When creating test instructions in Magic Inspector, you'll notice an AI Models button at the end of certain instruction input fields. This button allows you to choose between different AI models for element identification, depending on the type of instruction you've selected.

Currently, Magic Inspector offers two AI models for element identification:

DOM-based model (labeled as "1" in the screenshot below)
Vision-based model (labeled as "2" in the screenshot below)

It's crucial to understand the differences between these models as they cater to different use cases and scenarios.
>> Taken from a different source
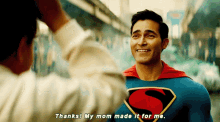 Thanks My Mom Made It For Me Superman GIF - Thanks My Mom Made It For Me Superman Lois GIFs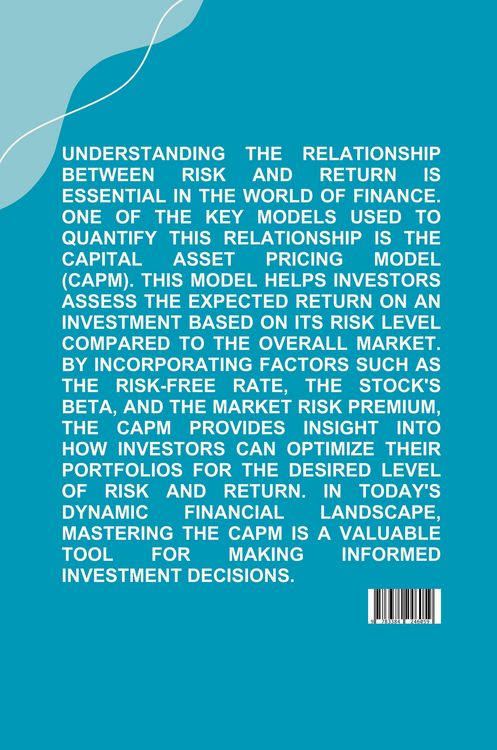Produktbild: Beyond the Basics: Unveiling the Complexities of Risk-Return Relationships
Let's dive into each model's characteristics, strengths, and weaknesses.

DOM-based Model

The DOM-based model is the default and often the most efficient option for element identification.

How it works

This model serializes useful elements of your page and isolates the element that best matches your description based on the Document Object Model (DOM) structure.

Strengths

Very efficient when components are well-crafted with good placeholders, labels, or semantic attributes
Highly effective when developers use semantic HTML tags and meaningful attributes
Can accurately identify elements based on their role, name, or other DOM properties
More reliable in most standard web scenarios

Weaknesses

Struggles with poorly marked-up HTML or highly visual elements
Quite impossible to describe elements based on their visual position or appearance
Cannot identify elements that are not properly represented in the DOM

Vision-based Model

The vision model serves as an excellent alternative when the DOM model falls short.

How it works

This model is trained to find elements visually based on their characteristics and position on the page.

Strengths

Can identify components that are not easily findable within the DOM
Excels at differentiating elements based on visual clues
Allows for visual descriptions like "The Plus (+) icon button at the bottom right corner"

Weaknesses

Generally less reliable than the DOM model for common web UIs
More prone to hallucinations due to the large variety of UI designs

Choosing the Right Model

When deciding which model to use, consider the following:

Start with the DOM model for most scenarios, especially when working with well-structured web applications.
If you're having trouble identifying an element using the DOM model even after refining your description, switch to the vision model.
Use the vision model when you need to describe elements based on their visual characteristics or position.

After a while, you will intuitively know which model works best depending on the parts of your app you're testing, and choosing between them will become second nature.

What if it still doesn't work?

If you've tried different models and still can't get the result you want, you can still disable the AI and use our fallback methods as explained in the testing without AI guide.